Understanding logarithmic inequalities helps solve many mathematical problems, including the one at hand. Logarithmic functions, indicated as \(\log(x)\), describe an inverse relationship to exponential functions. They often deal with numbers less than one, where the logarithm gives negative values. In the given problem, the variable \(\theta\) falls between \(e^{-\frac{\pi}{2}}\) and \(\frac{\pi}{2}\). It is crucial to compute \(\log(\theta)\) within this range to analyze the inequalities properly.

• The property of logarithms is such that for \(0<\theta<1\), \(\log(\theta)\) is always negative.
• This negativity aspect influences the ways inequalities are set up and compared: smaller inputs result in more negative values.

Knowing this behavior simplifies the problem, as once \(\log(\theta)\) is known, it guides the understanding of connected functions like the cosine in exponential expressions.

The cosine function, represented as \(\cos(x)\), is a trigonometric function particularly helpful when analyzing angular relationships in various applied contexts. In mathematical expressions, the cosine function is periodic, with a cycle every \(2\pi\) radians, and it mitigates between values -1 and 1. This characteristic enables it to evaluate certain expressions effectively, such as during cosine-logarithmic comparisons.In the given exercise,

• The expression \(\cos(\log(\theta))\) is calculated by examining the logarithm of \(\theta\).
• Given that the value of \(\log(\theta)\) is negative, the cosine will yield a result that is positive.
• Cosine values tend to approach 1 when examined around angles near zero.

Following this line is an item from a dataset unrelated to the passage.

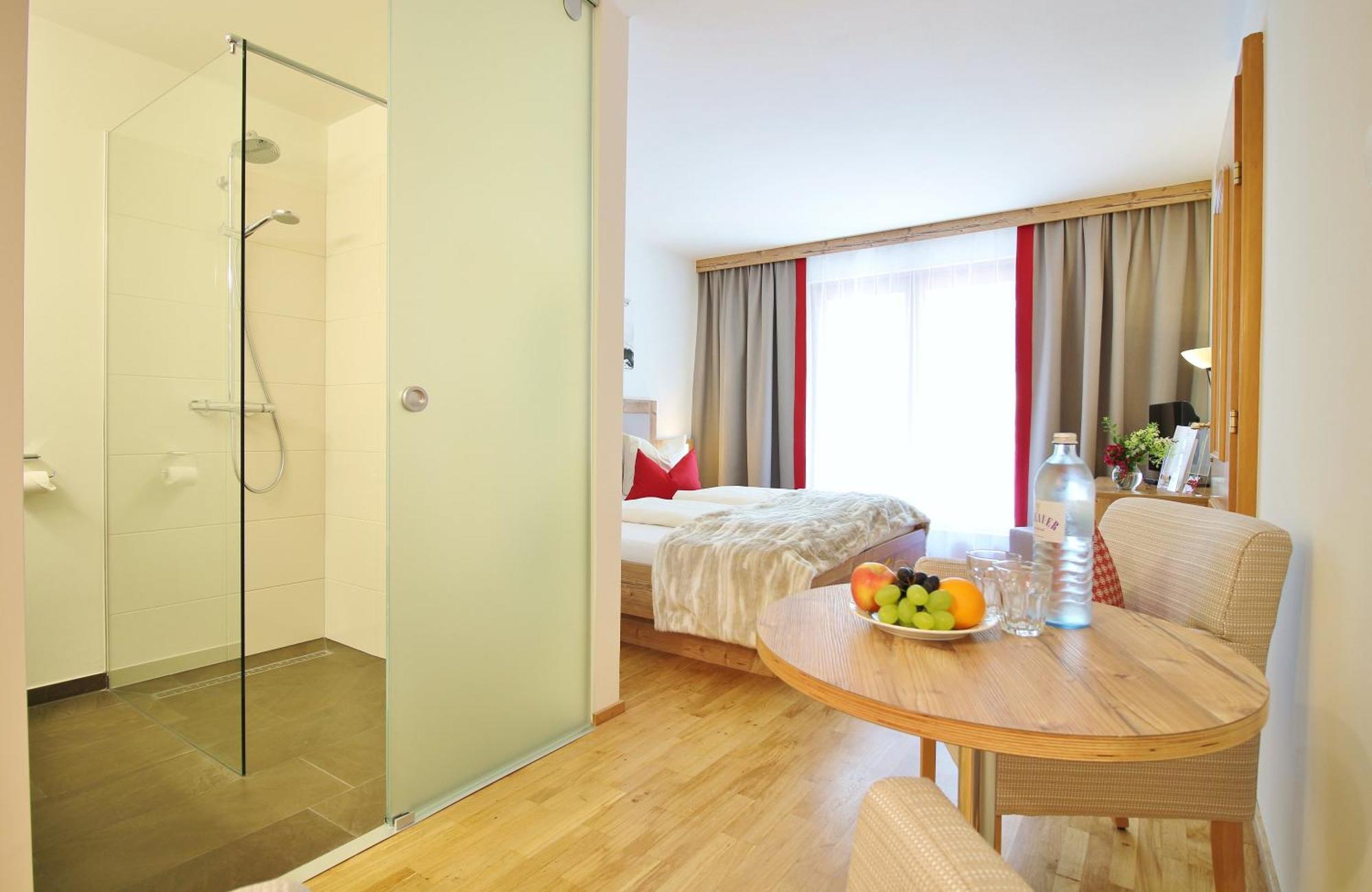 בראנד Sporthotel By Alpenlodge מראה חיצוני תמונה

Thus, when \(\log(\theta)\) indicates small negative values, \(\cos(\log(\theta))\), naturally approaches unity.

Understanding range analysis is critical when computing and comparing expressions involving functions like cosine and logarithms. It involves evaluating limits within expressions to better understand how the functions interact.In our exercise, the analysis starts by determining the permissible values of \(\theta\) which are between \(e^{-\frac{\pi}{2}}\) and \(\frac{\pi}{2}\).

• This range ensures \(\theta\) is positive and less than \(\pi/2\).
• When \(\theta<\pi/2\), it guarantees that \(\cos(\theta)\), the output is positive yet less than one.
• Interpreting \(\log(\cos(\theta))\), it results in a negative value due to the smaller output of \(\cos(\theta)\) (being less than one), while confirming logarithm properties.

This range examination allows pairing of outcomes for a proper contrast with the cosine of the logarithmic value, elucidating the provided trigonometric inequality.